» TASK GOAL: As the answer, give exactly the lines of the records below from the one with "This means 30,500" through the one with "My account has", ends included and pictures left out.

» STORED DATA:
Segment Open
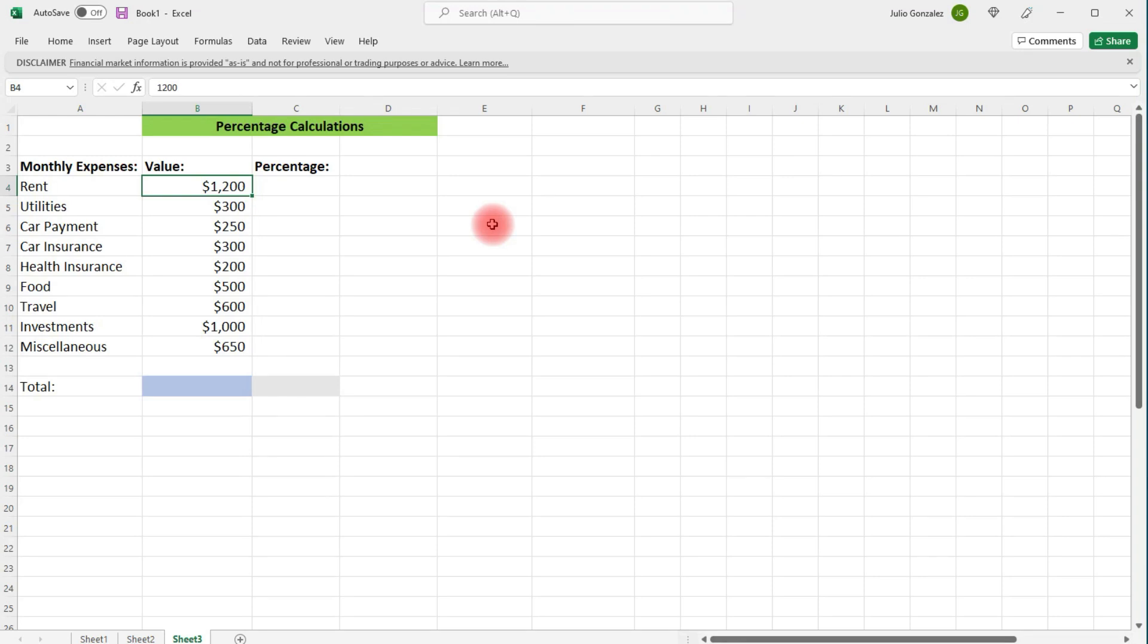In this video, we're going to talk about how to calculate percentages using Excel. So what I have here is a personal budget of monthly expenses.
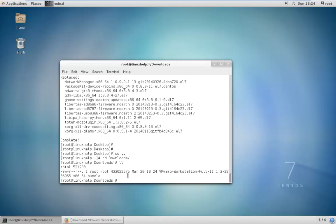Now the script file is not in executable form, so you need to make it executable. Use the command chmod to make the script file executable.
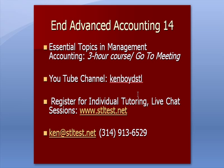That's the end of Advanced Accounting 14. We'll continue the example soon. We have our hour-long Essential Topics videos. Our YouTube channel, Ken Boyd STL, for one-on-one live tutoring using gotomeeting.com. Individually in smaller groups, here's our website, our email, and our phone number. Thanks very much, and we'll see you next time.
Segment Closed
Segment Open
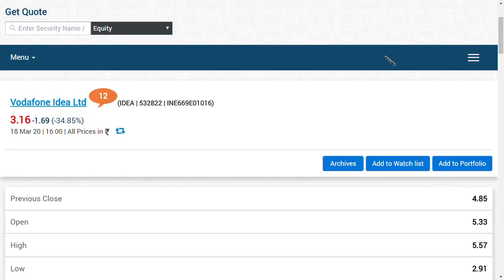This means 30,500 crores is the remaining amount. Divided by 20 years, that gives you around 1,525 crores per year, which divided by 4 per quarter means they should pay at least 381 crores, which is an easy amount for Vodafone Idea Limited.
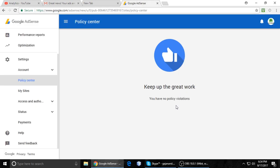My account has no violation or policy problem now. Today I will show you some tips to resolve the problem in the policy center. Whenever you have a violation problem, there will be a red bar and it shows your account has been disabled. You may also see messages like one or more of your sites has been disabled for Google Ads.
Segment Closed
Segment Open
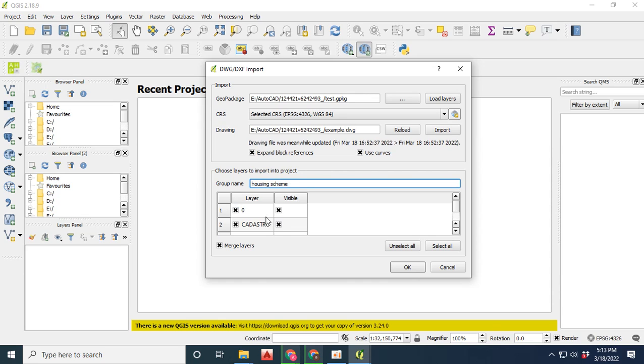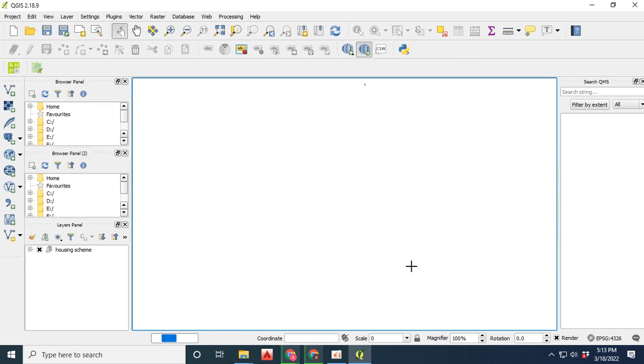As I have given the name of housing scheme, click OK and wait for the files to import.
Segment Closed
» OUTPUT OF THE EXERCISE:
This means 30,500 crores is the remaining amount. Divided by 20 years, that gives you around 1,525 crores per year, which divided by 4 per quarter means they should pay at least 381 crores, which is an easy amount for Vodafone Idea Limited.
My account has no violation or policy problem now. Today I will show you some tips to resolve the problem in the policy center. Whenever you have a violation problem, there will be a red bar and it shows your account has been disabled. You may also see messages like one or more of your sites has been disabled for Google Ads.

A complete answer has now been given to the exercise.